Malaria not a cure for AIDS
Dr. Henry Heimlich seems to think the way to help sick people, is to infect them with another disease. Heimlich, inventor of the anti-choking maneuver, believes that infecting HIV sufferers with a curable form of malaria which induces high fevers can stimulate the immune system and fight off HIV.
This practice is unjustified and unethical. The U.S. Centers for Disease Control and Prevention agreed in 1993 when it issued a memorandum stating malarial therapy could not be justified because it may well do more harm than good.
Heimlich thinks this method would be effective because in the early 1990s, some African children with malaria and AIDS survived more frequently than children with AIDS alone.

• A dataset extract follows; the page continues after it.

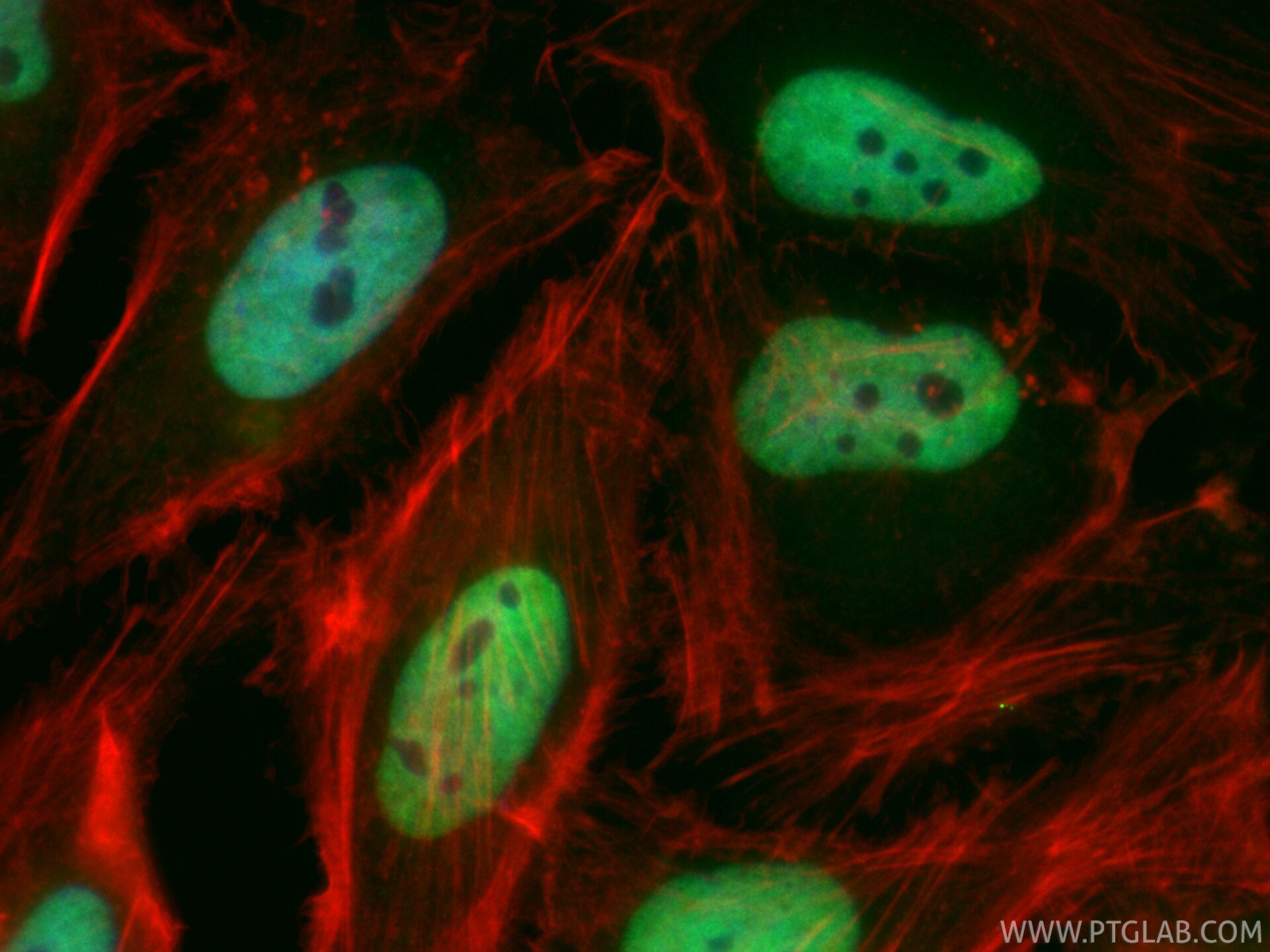 Immunofluorescence (IF) / fluorescent staining of HeLa cells using CoraLite® Plus 488-conjugated HNRNPA2B1 Recombinan (CL488-86713)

It sounds like Heimlich has an idea he wants to try out on poor, helpless people who feel they have no other option. He says he has arrangements with four African countries to test his theory.
By targeting the poor, he is sending a message that their lives are less important.
Mark Harrington, executive director of an AIDS research advocacy organization called Treatment Action Group, said, “If Heimlich is really doing this, he should be put in jail.” He also said, “There seems to be evidence that malaria worsens HIV.”
Why Heimlich thinks he has reason to infect people with a disease is left unexplained. Because he is an American, he should abide by the CDC’s warning and refrain from testing his proposed treatment regime.
It’s ridiculous to think that adding a disease to an already deteriorating immune system would in turn help the body fight disease.
Heimlich also belittles the objections raised by others in the medical field, saying, “If all of your peers understand what you’ve done, you haven’t been creative.” Medicine is not the field to be different, since lives can easily be lost.
Heimlich’s time would be better spent finding a drug that has no harmful effects and instead, only has positive results.